If I was not sincere with the love I had for myself, I could not genuinely raise my children with love. If my initiative was always about getting my child to do what I wanted, I became unreceptive to helping them because I lacked an understanding of my own needs.
When your child has a problem and is displaying behaviors, less satisfactory, are you projecting instability? Are you on guard all the time? Are you stressed and anxious, or are you able to embrace their desires to be helpful in tough situations?
It wasn’t easy to grasp the concept of what my behavior was saying about who I was. How could I be teaching my children discipline if I wasn’t displaying it in myself? This became a tool for solving a lot of confusion I had with being consistent. I could look at my child, and instead of getting frustrated, I could ask myself, what is his behavior telling me?
Once I let go of traditional parenting methods and the belief that I always needed to have the answers, I could now focus on working with my children to solve problems together.
My new awareness would help me find inner strength and some much-needed peace to my family.
Your family can never become whole until you are aware of any compassion that you lack.
The ability to change one’s mindset about parenting is almost always avoided and highly undervalued with most men in society. Most fathers parent the way they were parented.
My realization helped me tremendously with the way I would raise my children in the future.
Looking through your child’s eyes.
There have been many times where I wished my child would listen. When I thought they might be behaving a certain way because of how they thought of me—what a huge mistake and waste of time.
Imagine thinking, not just a child, but your child was deliberately trying to cause you pain. This thinking is wrong on many different levels.
What type of child have you been raising, and where did they learn these behaviors? A better question is, why would you equate this to being a reasonable outcome inside the walls of your home.
This is a clear indication that your standards need to be raised.
There are times when I find myself questioning my capabilities and actions. There are times I need support and don’t know how to obtain that support. I could never imagine the people I chose to be in my life getting irritated or angry with my need for help. This is the same way we need to see our children.
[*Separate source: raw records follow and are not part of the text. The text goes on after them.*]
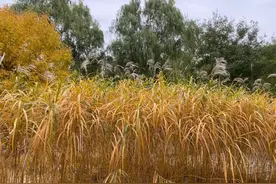 胡懋仁：世界观与方法论的初步解析图片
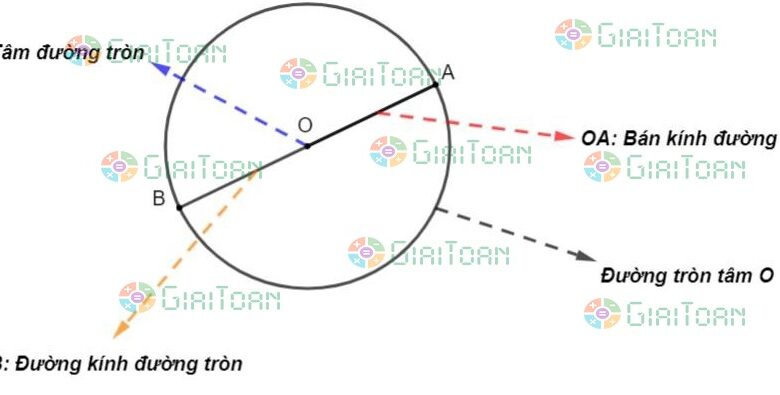 Chu vi hình tròn: Công thức và bài tập - Công thức Toán lớp 5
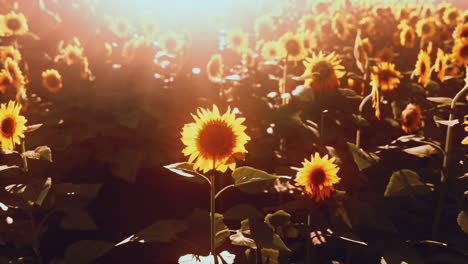 Viele-Leuchtend-Gelbe-Große-Sonnenblumen-Auf-Plantagenfeldern-Bei-Sonnenuntergang-Am-Abend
They are not purposely pushing buttons. There are things they need us to help them with and don’t have the communication skills to express this adequately.
Could you imagine struggling, and the person you looked up to the most wasn’t only absent but getting outraged by your request? This is what I want to bring awareness to and have fathers change their course of action.
By being compassionate, you can help your child feel good but also direct them to the truth. The truth that they can count on their father to help them in any circumstances and give them attention unconditionally.
We must always strive to win the battle within.
The realization that I am human, and my struggles were a normal part of life helped me move forward. It took me a long time to face these facts and had enough clarity to understand the war I wanted to wage on my children was misdirected. It was not an external battle, but one I needed to conquer from within myself.
As I become content with who I was, this radiated down to my children. If I were always struggling with my mission, then my children would live those effects as well. I had to be aware of my impact and also my mindset that would be replicated by my children.
Reconnecting with yourself will be one of the greatest attributes to helping your child succeed in life. You can show them how great life can be by changing certain outlooks you had about the world and improving the way you choose to parent.
You need to understand that the best you have will show up not when you are the greatest parent, but rather by meeting a situation that demands it.
Parenting is like any other skill you must acquire. It is something you must develop, and it is up to you whether you want to.